**Action item:**
Would you return, word for word, the lines of the data below from the line with "2025 Lexus Es 300H Base - Фото 4" through the line with "Будинок, Луцьк: два", and no others?

**Supplied information:**
>>

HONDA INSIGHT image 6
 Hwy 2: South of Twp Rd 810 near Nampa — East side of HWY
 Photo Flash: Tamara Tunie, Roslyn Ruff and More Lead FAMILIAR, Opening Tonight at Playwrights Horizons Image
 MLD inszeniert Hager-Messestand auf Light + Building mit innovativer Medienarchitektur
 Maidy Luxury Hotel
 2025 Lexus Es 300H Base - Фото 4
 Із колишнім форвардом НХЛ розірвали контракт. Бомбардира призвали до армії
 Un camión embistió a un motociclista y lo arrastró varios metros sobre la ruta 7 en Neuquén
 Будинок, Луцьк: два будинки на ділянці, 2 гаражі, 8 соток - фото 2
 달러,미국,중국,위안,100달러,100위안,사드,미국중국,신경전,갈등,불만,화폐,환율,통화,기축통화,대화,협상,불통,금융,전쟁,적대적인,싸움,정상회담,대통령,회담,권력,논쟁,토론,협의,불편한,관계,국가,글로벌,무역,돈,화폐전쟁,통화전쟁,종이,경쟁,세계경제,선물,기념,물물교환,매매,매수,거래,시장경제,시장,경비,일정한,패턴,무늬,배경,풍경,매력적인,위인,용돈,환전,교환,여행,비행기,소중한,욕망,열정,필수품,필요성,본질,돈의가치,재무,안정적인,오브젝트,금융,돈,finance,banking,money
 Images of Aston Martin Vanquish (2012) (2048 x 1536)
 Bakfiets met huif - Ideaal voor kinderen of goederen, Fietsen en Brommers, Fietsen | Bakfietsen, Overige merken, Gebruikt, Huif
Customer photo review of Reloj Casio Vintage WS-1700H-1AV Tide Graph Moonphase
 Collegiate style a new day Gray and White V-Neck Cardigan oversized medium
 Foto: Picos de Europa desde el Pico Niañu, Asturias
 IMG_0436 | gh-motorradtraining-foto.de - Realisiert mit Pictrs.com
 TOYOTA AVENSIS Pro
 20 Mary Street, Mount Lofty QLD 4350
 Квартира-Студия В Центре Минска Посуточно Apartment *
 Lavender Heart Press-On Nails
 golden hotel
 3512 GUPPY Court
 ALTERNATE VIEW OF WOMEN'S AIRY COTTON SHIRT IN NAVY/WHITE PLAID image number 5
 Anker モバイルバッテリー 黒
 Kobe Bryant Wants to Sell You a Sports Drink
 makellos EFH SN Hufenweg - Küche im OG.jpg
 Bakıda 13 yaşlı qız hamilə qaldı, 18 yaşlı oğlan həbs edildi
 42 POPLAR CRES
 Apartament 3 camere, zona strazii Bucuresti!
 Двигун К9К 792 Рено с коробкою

<<

**Response for this exercise:**
 2025 Lexus Es 300H Base - Фото 4
 Із колишнім форвардом НХЛ розірвали контракт. Бомбардира призвали до армії
 Un camión embistió a un motociclista y lo arrastró varios metros sobre la ruta 7 en Neuquén
 Будинок, Луцьк: два будинки на ділянці, 2 гаражі, 8 соток - фото 2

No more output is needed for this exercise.